Ogni giorno scendono sotto le tettoie nere di fumo e di nebbia della stazione centrale (di Milano), delle ragazze smunte, dall'andatura incerta, come se non si reggessero bene sulle gambe, e lo sguardo un po' impaurito. Sono le ragazze madri degli anni sessanta, le sprovvedute vittime delle più violente correnti migratorie e della rapida scomparsa della civiltà agricola cui appartenevano. Le loro storie sono quasi sempre uguali: Anna C., di Santa Maria Capua Vetere scende dal treno di Zurigo. Dopo la prima settimana che era in Svizzera a fare la guardarobiera è rimasta senza casa. Non aveva i soldi per pagare l'albergo, le suore erano già piene, prima di riuscire a trovare un'altra casa sono passati più di venti giorni, durante i quali ha dormito dappertutto, quasi con chi voleva, purchè avesse un letto. Quando si è accorta di essere in cinta, le autorità svizzere l'hanno espulsa, e adesso scende a Milano, e assicura che al paese non tornerà mai più, Carmela E. invece viene da un paese vicino a Palermo: è rimasta incinta dopo che i suoi hanno venduto il podere e sono andati ad abitare in città, dove cercano di avviare un negozio di frutta. È venuta a Milano perchè teme le reazioni del padre, ha vergogna della sua condizione e non può affrontare la convivenza con la madre e i commenti dei vicini.

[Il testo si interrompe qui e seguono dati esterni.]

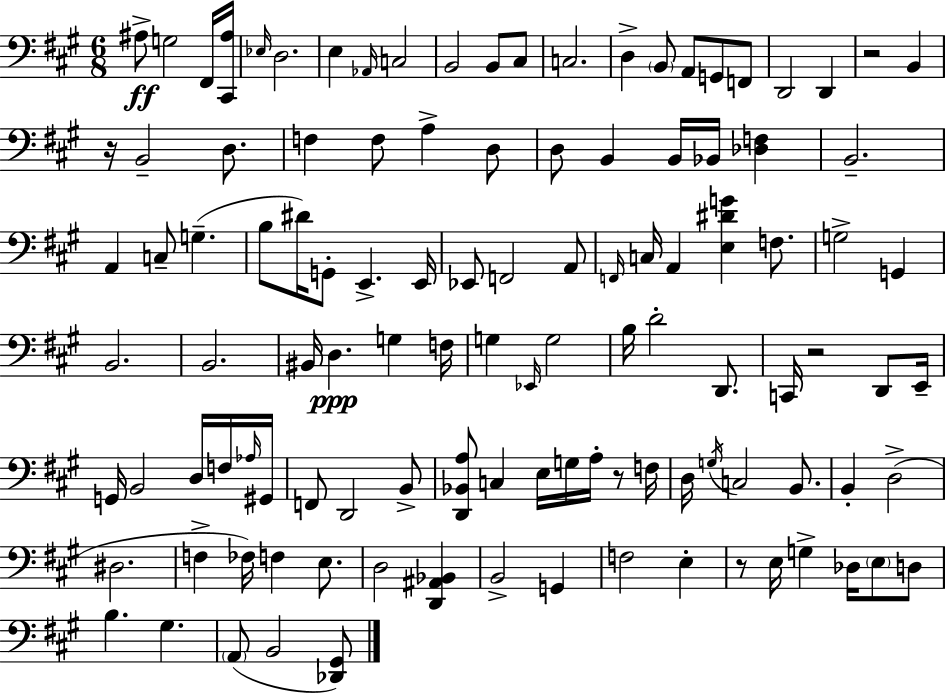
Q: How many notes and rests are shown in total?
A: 113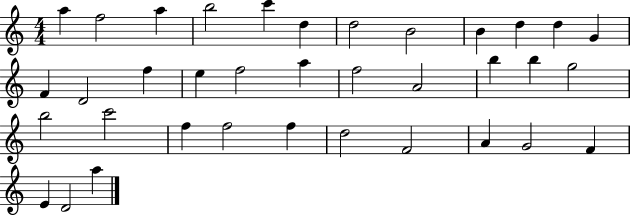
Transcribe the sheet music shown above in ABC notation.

X:1
T:Untitled
M:4/4
L:1/4
K:C
a f2 a b2 c' d d2 B2 B d d G F D2 f e f2 a f2 A2 b b g2 b2 c'2 f f2 f d2 F2 A G2 F E D2 a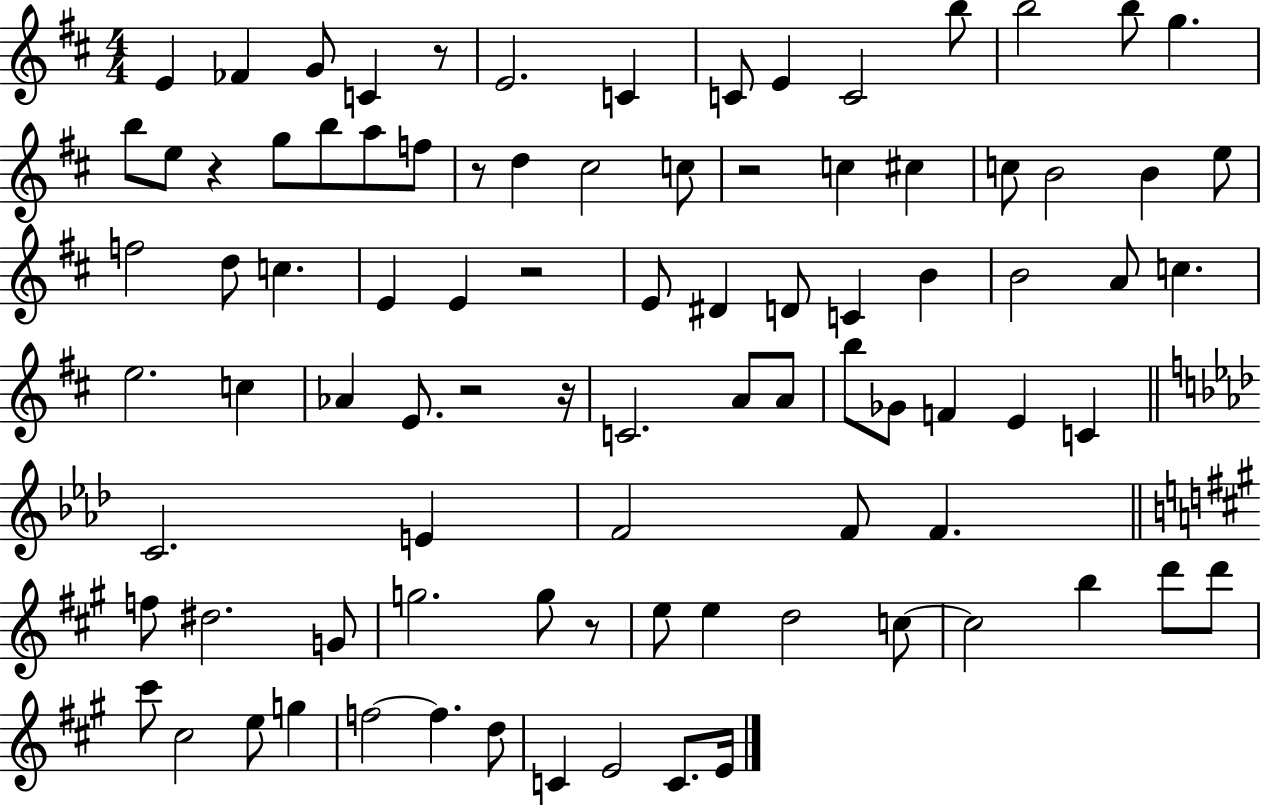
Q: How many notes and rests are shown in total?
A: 90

Sono paure e vergogne vecchie di secoli, frutto di antichi pregiudizi di un paese vecchissimo.
Le ragazze madri, emergono quotidianamente dalle funebri scalee assiro-babilonesi della stazione di Milano,[…] vengono perchè hanno fiducia nei grattacieli, in cui vedono un simbolo di ricchezza e di modernità, pensando confusamente che in un paese moderno e ricco la sorte che le aspetta deve essere differente da quella che la fantasia popolare tradizionalmente riservava loro (la segregazione sociale, il biasimo delle autorità, l'inevitabile abbandono del figlio). Ma una volta raggiunta Milano cominciano i primi disinganni.